D'un autre côté, les électeurs ont sanctionné le PDP et Ettajdid pour avoir collaboré avec le régime. Avant le vote de dimanche, le PDP espérait obtenir un nombre important de sièges. Mais il a subi une défaite humiliante, n'obtenant que cinq sièges. Il en est de même du Pôle démocratique moderniste, une coalition d'associations civiles et de partis politiques conduits par le mouvement Ettajdid.

Le PDP et Ettajdid étaient tous deux des partis politiques reconnus sous Ben Ali, et qui avaient même signé le pacte national de 1988 avec le régime.

Les principaux objectifs de Ennahda sont à présent de rassurer le patronat tunisien et le capital financier international qu'il va poursuivre une politique pro patronale contre la classe ouvrière, tout en se garantissant un soutien suffisant des partis de centre gauche et petits-bourgeois pour obtenir une majorité qui fonctionne.

Le secrétaire général d'Ennahda, Hamadi Jbeli, pressenti comme premier ministre possible d'Ennahda, a rencontré la fédération patronale UTICA mardi dernier. Dans ses remarques au représentant officiel de l'agence d'information TAP, il a dit que Ennahda ne procéderait pas à des changements majeurs en matière de banques ou de questions sociales, tel l'alcool et les droits des femmes. Il a dit, « Est-il logique d'handicaper un secteur stratégique comme le tourisme en interdisant le vin ou le port du maillot de bain? Il s'agit là de libertés personnelles pour les Tunisiens ainsi que pour les étrangers. »

Le dirigeant d'Ennahda, Rached Ghannouchi a rencontré des cadres de la Bourse mercredi, et les cours ont remonté après l'entretien. Le fils de Ghannouchi Moaz, économiste, a dit: «Nous voulions les rassurer et leur dire que nous sommes de leur côté et que nous voulons jouer un rôle positif dans l'économie tunisienne. »

Ennahda a aussi entrepris de rassurer les représentants des puissances impérialistes occidentales, dont les Etats-Unis et la France, qui soutiennent le rôle d'Ennahda dans un régime futur. Le magazine Jeune Afrique a commenté: « Selon une source à l’ambassade des États-Unis à Tunis, les Américains seraient prêts à soutenir une coalition entre les islamistes et les destouriens [sociaux démocrates précédemment au pouvoir en Tunisie] seules forces politiques capables, selon eux, de diriger efficacement le pays après l’élection d’une Assemblée constituante. »

Un diplomate occidental anonyme de Tunis a décrit l'attitude des puissances impérialistes envers Ennahda comme suit lors d'un entretien avec Reuters : « Nous allons faire très attention à ce qu'ils mettent en place, mais d'un point de vue économique nous n'avons aucun souci à nous faire.
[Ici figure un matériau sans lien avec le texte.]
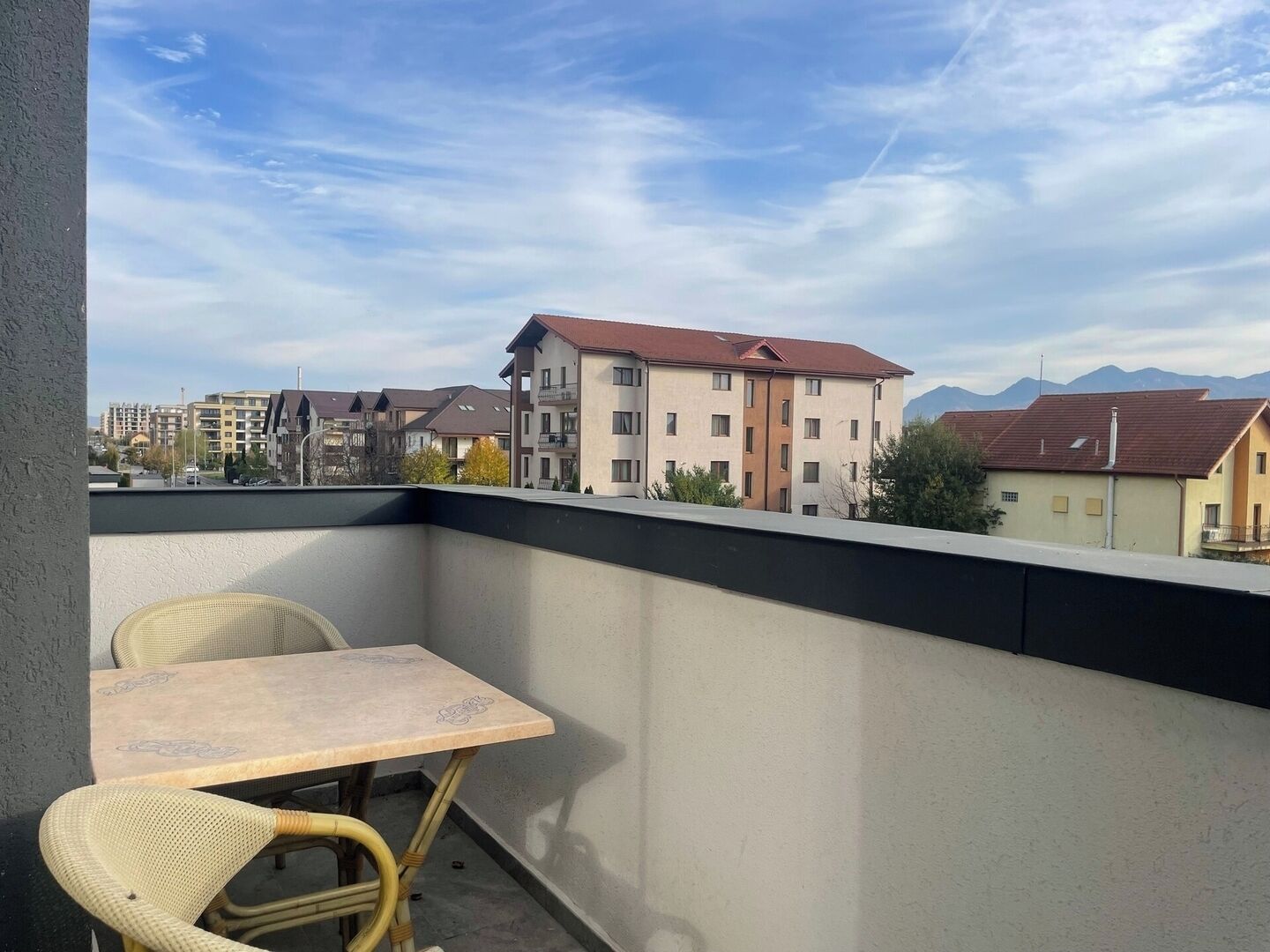 Een balkon met een tafel en twee stoelen, met uitzicht op een woongebied met gebouwen en bergen op de achtergrond.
Notre plus grade préoccupation ce sont les longs délais d'attente pour la formation d'un gouvernement. Un grand nombre de leurs partisans sont issus des classes commerçantes qui sont en faveur de l'idée d'une politique économique libérale et ils n'ont pas de projets sérieux pour changer la politique économique des gouvernements précédents. »
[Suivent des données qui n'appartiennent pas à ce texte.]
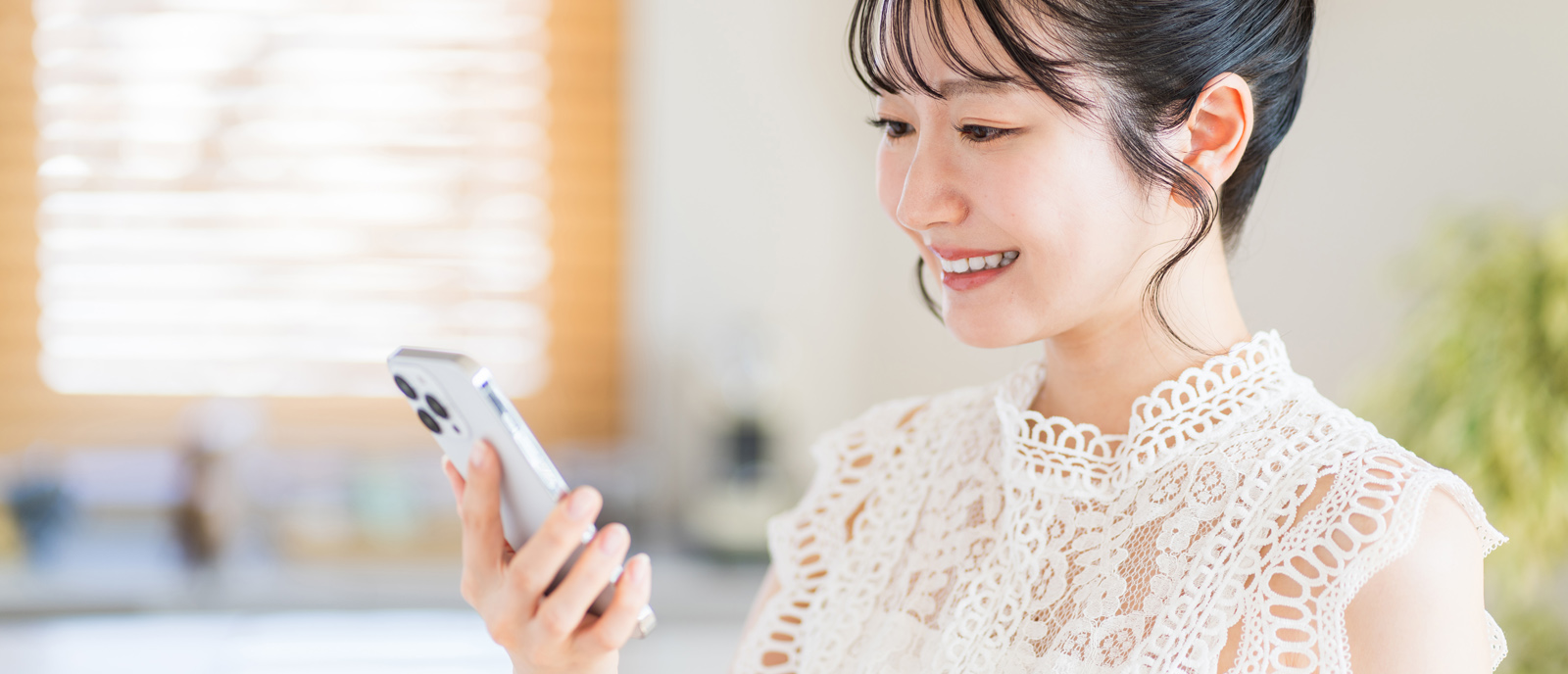 スマホを笑顔で見つめる女性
Tandis qu'il se prépare à poursuivre les mesures impopulaires de Ben Ali, Ennahda tend la main à la « gauche » petite-bourgeoise, aux bureaucrates syndicaux, aux organisations de professions libérales et autres groupes des classes moyennes pour les soutenir contre la classe ouvrière et la menace de nouvelles luttes révolutionnaires.
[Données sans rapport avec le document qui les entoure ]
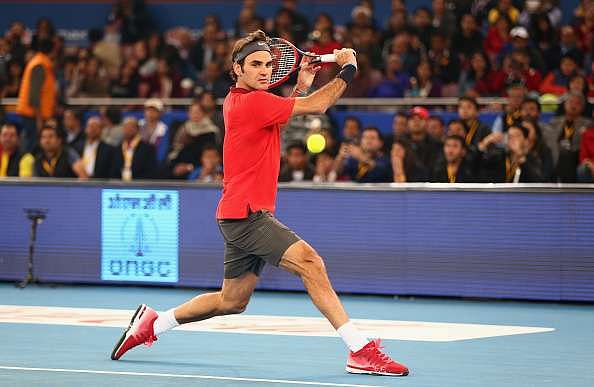 DELHI, INDIA - DECEMBER 08:  Roger Federer of the Indian Aces plays a backhand against Novak Djokovic of the UAE Royals during the Coca-Cola International Premier Tennis League third leg at the Indira Gandhi Indoor Stadium December 8, 2014 in Delhi, Delhi.  (Photo by Clive Brunskill/Getty Images for IPTL 2014)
Le directeur de campagne d'Ennahda Abdelhamid Jlassi a dit, « Les priorités pour la Tunisie sont claires: la stabilité, les conditions d'une vie digne et la construction d'institutions démocratiques en Tunisie. Nous sommes ouverts à tous ceux qui partagent ces objectifs. »

Il a ajouté, « Nous ne rejetterons personnes de nos consultations... y compris les partis politiques de l'assemblée ou en dehors, les groupes de la société civile et les syndicats. »

Des indications donnent à penser que cette invitation sera étendue au PCOT maoïste, qui s'est tenu en dehors de la commission sur la réforme tout en lui apportant son soutien tacite. Al Jazeera a publié une chronique de Larbi Sadiki, maître de conférences en politique du Moyen-Orient à l'université d'Exeter qui a écrit: « Le PCOT de Hamma Hammami pourrait aussi obtenir de bons résultats, récompensé peut-être pour sa constance bien que diabolisé par les voix anticommunistes. Hammami, aux côtés de Marzouki, est un partenaire potentiel dans une future alliance conduite par le Parti al-Nahda. »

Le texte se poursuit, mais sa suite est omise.